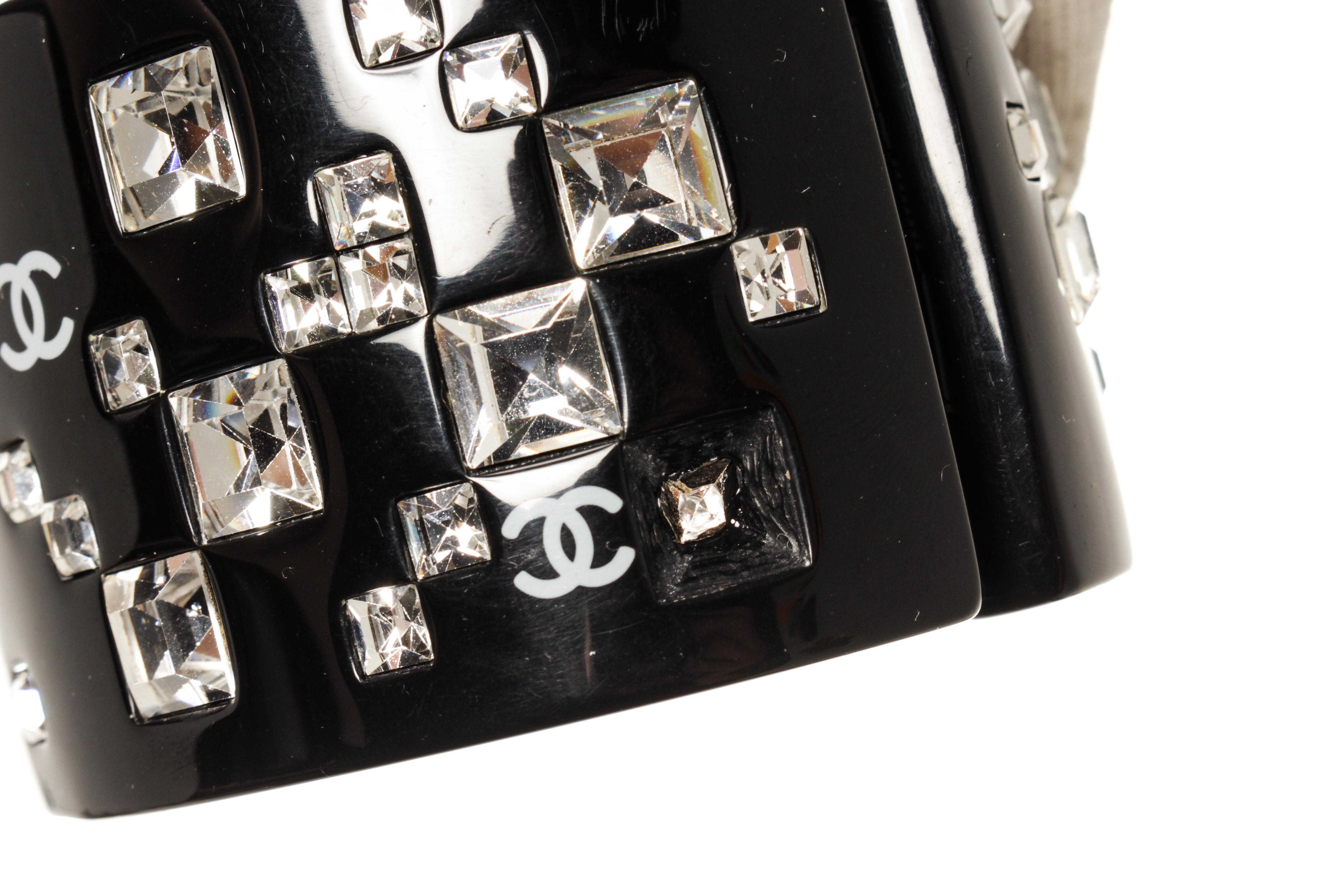 Chanel Black Crystallized Bangle For Sale 1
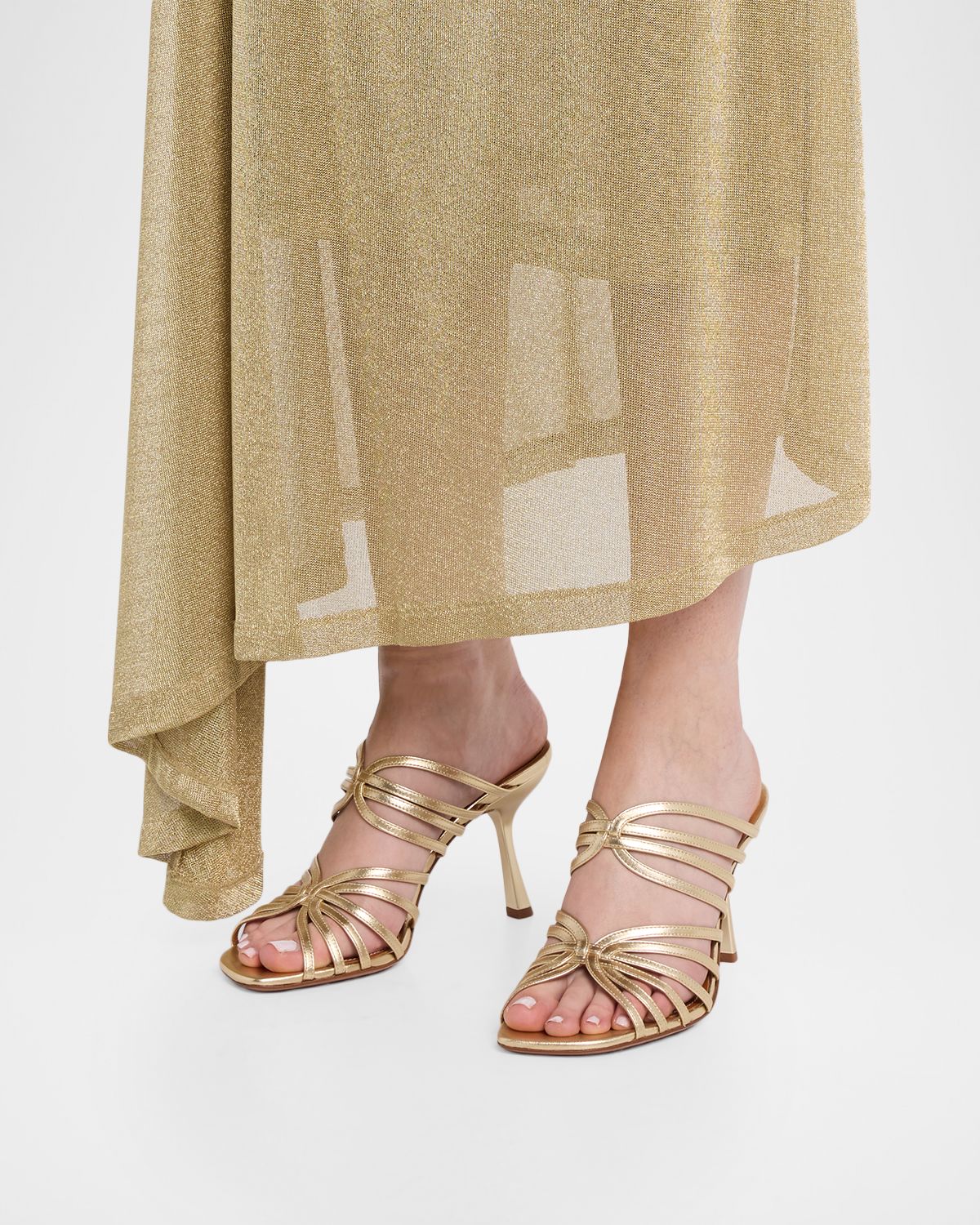 Zimmermann Aura Metallic Leather Strappy Mule Sandals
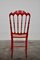 Italian Lacquered Red and Gold Chiavarine Dining Chairs, 1950s, Set of 4, Image 3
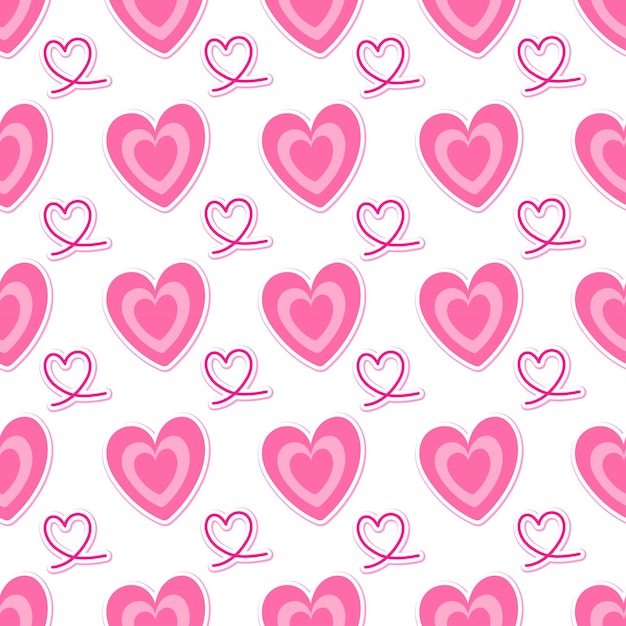 red heart handdrawn doodle seamless pattern background for wallpaper wrapping valentine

################

### WHAT NEEDS TO BE DONE
Retype the listing exactly. Leave the pictures out.

### ANSWER TO THE EXERCISE
 Chanel Black Crystallized Bangle For Sale 1
 Zimmermann Aura Metallic Leather Strappy Mule Sandals
 Italian Lacquered Red and Gold Chiavarine Dining Chairs, 1950s, Set of 4, Image 3
 red heart handdrawn doodle seamless pattern background for wallpaper wrapping valentine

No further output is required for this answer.